Trump’s Budget Leaves Southwest LRT High and Dry

Plans for the new rail line continue to advance despite funding uncertainties.

Photo Credit: Metro Transit

WASHINGTON – President Donald Trump’s budget plan is out, and it spells trouble for the Metropolitan Council’s Southwest Light Rail Transit (SWLRT) project.

The White House’s budget proposal for the 2018 fiscal year, A New Foundation For American Greatness, aims to cut federal spending by $4.5 trillion over the next decade. The proposed cuts put funding for future transit lines, like the SWLRT, in jeopardy.

Following through on previous statements, the budget proposal will only fulfill funding requests for transit projects who had their Full Funding Grant Agreement in place by October 2016. Requests following the cut-off date will be denied funding from the Federal Transit Administration (FTA). The SWLRT project has not yet applied for federal funding, leaving the project ineligible for the $929 million in federal funds.

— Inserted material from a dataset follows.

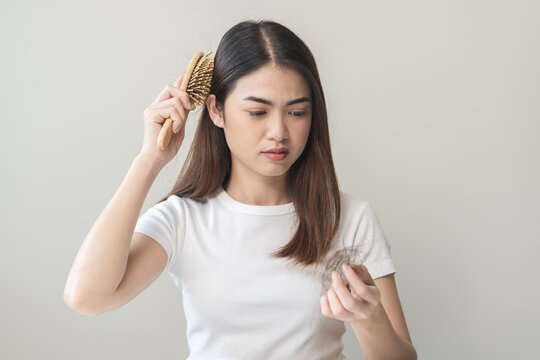 Serious asian young woman holding brush holding comb, hairbrush with fall black hair from scalp after brushing, looking on hand worry about balding. Health care, beauty treatment, hair loss problem.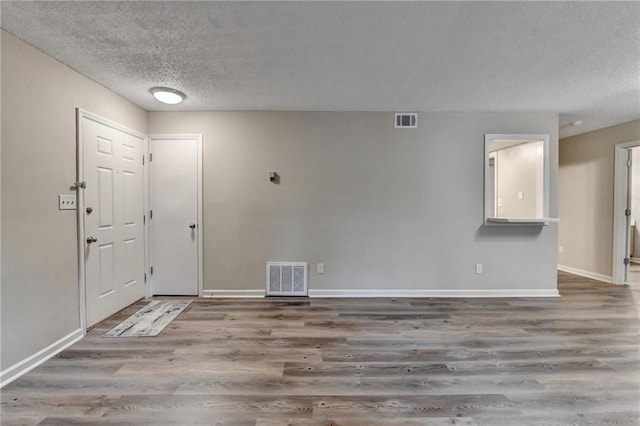 unfurnished room featuring visible vents, baseboards, wood finished floors, and a textured ceiling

Minnesota Rep. Jason Lewis has been an outspoken critic of the SWLRT project, calling it a “prime example of taxpayers being forced to foot the bill for a project with little-to-no benefit.”

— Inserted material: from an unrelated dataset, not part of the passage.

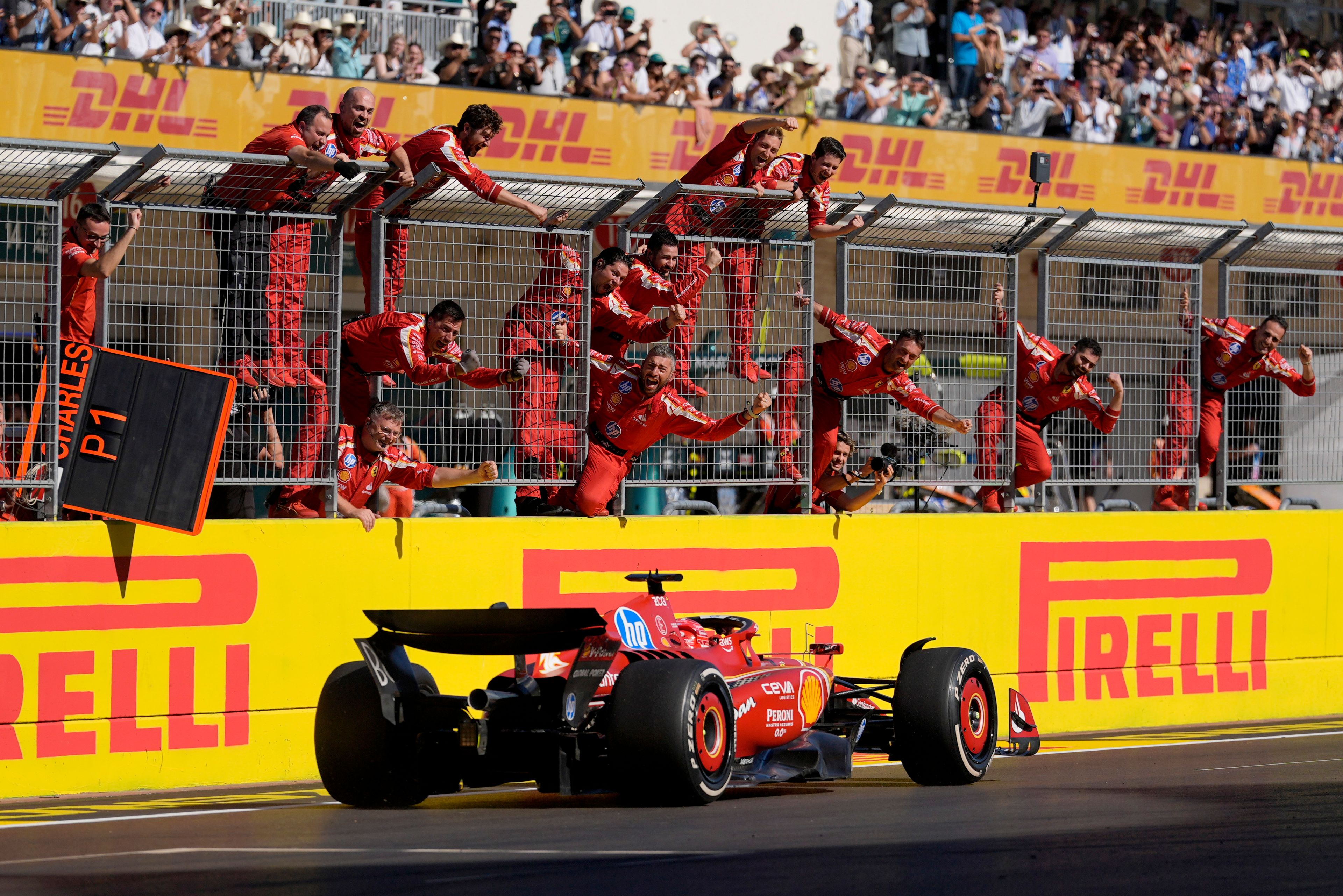 Team members stand along the fence celebrating as Ferrari driver Charles Leclerc, of Monaco, wins the U.S. Grand Prix auto race at Circuit of the Americas, Sunday, Oct. 20, 2024, in Austin, Texas. (AP Photo/Eric Gay)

“We need to protect taxpayers in Minnesota and not waste federal funds,” Lewis said in a statement. “I’m working for real infrastructure improvements that will actually help commuters in the Twin Cities area. I’m glad that the Administration is working with me towards a goal of effective spending.”

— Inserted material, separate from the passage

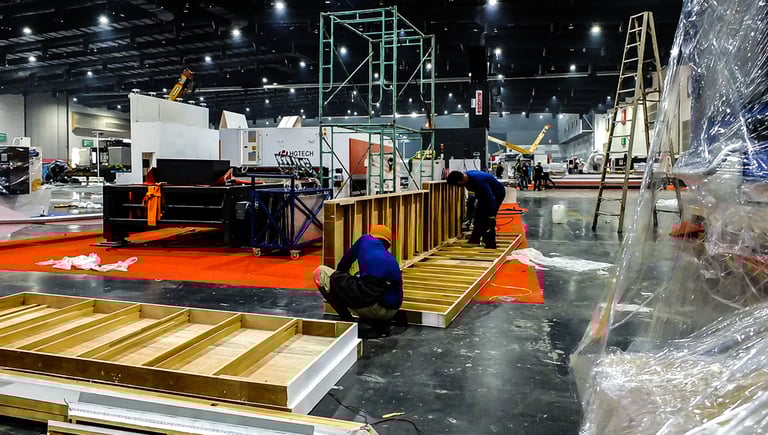 Staff working on setting up event production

SWLRT faces local funding trouble as well. The recent dismantling of the Counties Transit Improvement Board (CTIB) gives Hennepin County sole responsibility for local funding of the project. This could force the county to spend an extra $103.5 million on the extension, bringing its total contribution to $289 million.

Despite the uncertainty of local funds and a potential $929 million gap in federal funding, plans for construction of the 14.5 mile line extension between downtown Minneapolis and Eden Prairie are still moving forward. The deadline for construction bids has been pushed out for a third time. Contractors now must have their bids in by June 9. Construction is expected to start in late summer.